### [Exercise instructions]
Find the line with "Apartment in the" and the line with "Ford Everest 2014 Black" in the entries below; output exactly those two lines, every line between them, and no others.

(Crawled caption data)
- - - -

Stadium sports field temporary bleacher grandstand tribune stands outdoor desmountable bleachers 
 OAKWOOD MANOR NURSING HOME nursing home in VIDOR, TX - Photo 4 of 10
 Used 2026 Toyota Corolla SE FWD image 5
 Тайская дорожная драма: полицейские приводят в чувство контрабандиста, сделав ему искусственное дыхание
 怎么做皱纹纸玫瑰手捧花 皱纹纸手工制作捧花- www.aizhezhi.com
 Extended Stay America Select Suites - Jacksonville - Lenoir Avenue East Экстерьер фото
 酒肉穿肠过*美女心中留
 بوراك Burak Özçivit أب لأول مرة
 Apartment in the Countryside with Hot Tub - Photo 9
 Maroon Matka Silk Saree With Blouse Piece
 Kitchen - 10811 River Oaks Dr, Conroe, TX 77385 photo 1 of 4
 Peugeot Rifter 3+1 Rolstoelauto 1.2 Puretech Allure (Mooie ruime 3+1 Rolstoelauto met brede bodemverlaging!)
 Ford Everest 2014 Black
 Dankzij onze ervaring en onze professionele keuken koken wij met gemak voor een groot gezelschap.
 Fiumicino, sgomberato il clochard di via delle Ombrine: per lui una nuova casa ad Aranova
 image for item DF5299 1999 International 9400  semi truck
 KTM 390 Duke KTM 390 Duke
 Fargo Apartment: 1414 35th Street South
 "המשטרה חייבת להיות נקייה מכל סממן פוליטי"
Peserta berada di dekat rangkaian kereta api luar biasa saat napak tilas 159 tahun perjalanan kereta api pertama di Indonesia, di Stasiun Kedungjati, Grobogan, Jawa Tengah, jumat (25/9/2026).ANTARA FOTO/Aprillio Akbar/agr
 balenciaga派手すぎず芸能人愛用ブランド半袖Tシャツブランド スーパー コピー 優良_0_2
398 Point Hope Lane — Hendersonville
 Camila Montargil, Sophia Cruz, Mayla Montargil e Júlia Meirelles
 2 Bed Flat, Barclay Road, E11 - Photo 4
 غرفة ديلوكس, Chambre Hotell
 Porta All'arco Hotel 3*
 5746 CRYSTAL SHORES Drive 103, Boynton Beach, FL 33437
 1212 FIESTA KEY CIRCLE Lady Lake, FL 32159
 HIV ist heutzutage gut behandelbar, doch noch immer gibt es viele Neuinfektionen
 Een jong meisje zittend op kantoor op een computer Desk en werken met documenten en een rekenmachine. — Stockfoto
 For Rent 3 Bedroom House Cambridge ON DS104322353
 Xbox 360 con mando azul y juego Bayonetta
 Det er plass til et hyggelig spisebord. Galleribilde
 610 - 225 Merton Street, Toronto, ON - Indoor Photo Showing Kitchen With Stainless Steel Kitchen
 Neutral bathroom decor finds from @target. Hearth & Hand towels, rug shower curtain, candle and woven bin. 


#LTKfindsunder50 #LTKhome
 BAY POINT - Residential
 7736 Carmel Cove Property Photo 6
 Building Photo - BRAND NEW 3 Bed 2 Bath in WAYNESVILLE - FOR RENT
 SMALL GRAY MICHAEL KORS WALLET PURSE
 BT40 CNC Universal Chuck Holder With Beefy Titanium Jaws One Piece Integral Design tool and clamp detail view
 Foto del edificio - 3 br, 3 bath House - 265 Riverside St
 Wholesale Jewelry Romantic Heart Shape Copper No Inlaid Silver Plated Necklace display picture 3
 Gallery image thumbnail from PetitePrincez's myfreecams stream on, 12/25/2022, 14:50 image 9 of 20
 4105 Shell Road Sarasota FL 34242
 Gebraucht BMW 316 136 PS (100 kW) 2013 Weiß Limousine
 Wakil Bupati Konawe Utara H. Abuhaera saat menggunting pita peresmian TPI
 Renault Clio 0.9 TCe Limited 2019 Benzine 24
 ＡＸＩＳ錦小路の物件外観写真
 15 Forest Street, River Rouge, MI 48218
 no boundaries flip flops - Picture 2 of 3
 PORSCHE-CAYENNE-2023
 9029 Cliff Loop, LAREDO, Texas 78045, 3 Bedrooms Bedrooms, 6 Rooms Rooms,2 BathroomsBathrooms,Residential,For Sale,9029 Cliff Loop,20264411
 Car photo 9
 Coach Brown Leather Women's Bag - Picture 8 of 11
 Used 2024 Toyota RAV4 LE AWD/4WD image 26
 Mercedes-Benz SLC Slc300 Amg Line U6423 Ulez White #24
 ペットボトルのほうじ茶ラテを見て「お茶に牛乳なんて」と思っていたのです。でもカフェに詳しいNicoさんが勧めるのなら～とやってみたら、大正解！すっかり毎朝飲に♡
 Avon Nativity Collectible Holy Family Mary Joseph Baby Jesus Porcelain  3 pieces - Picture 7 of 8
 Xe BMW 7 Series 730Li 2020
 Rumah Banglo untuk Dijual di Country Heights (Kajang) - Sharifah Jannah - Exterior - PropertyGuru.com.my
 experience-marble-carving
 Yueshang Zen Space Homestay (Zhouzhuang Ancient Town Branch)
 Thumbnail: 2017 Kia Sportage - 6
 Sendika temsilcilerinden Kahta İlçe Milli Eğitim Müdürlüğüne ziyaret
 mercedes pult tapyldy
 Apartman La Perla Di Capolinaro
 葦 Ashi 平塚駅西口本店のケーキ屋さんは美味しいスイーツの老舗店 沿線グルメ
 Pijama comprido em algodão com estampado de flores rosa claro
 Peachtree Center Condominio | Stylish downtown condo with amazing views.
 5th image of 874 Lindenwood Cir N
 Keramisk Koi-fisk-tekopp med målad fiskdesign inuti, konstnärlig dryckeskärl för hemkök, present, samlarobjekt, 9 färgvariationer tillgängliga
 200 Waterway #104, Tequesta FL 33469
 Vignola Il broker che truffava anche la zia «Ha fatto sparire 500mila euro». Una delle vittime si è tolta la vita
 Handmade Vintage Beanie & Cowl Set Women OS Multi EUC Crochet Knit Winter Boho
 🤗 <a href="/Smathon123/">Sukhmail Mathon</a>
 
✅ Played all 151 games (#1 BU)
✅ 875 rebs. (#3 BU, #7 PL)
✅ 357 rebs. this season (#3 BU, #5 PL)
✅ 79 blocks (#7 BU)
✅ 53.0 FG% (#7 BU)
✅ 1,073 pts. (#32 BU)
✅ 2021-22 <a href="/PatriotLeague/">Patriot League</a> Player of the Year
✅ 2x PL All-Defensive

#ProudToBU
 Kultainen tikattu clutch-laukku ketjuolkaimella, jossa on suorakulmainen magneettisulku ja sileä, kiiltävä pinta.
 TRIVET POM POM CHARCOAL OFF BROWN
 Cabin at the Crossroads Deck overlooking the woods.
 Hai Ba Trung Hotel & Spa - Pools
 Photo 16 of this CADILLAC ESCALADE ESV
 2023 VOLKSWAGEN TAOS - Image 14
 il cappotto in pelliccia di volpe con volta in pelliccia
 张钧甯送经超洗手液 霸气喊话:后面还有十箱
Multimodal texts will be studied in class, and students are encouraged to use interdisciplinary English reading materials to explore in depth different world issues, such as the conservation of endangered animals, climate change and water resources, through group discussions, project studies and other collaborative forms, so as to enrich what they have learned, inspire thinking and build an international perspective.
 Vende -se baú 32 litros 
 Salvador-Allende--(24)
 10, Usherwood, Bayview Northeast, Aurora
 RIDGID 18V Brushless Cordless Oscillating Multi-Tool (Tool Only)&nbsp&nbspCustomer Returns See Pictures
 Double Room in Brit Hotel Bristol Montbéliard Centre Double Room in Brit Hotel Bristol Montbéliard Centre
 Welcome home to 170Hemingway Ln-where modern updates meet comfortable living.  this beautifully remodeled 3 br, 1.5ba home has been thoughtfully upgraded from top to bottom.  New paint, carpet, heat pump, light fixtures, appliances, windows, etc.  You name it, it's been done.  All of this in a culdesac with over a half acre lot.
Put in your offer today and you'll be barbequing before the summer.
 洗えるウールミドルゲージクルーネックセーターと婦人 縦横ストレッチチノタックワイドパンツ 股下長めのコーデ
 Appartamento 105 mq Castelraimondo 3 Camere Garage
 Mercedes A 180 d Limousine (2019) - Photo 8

- - - -

### [Task answer]
 Apartment in the Countryside with Hot Tub - Photo 9
 Maroon Matka Silk Saree With Blouse Piece
 Kitchen - 10811 River Oaks Dr, Conroe, TX 77385 photo 1 of 4
 Peugeot Rifter 3+1 Rolstoelauto 1.2 Puretech Allure (Mooie ruime 3+1 Rolstoelauto met brede bodemverlaging!)
 Ford Everest 2014 Black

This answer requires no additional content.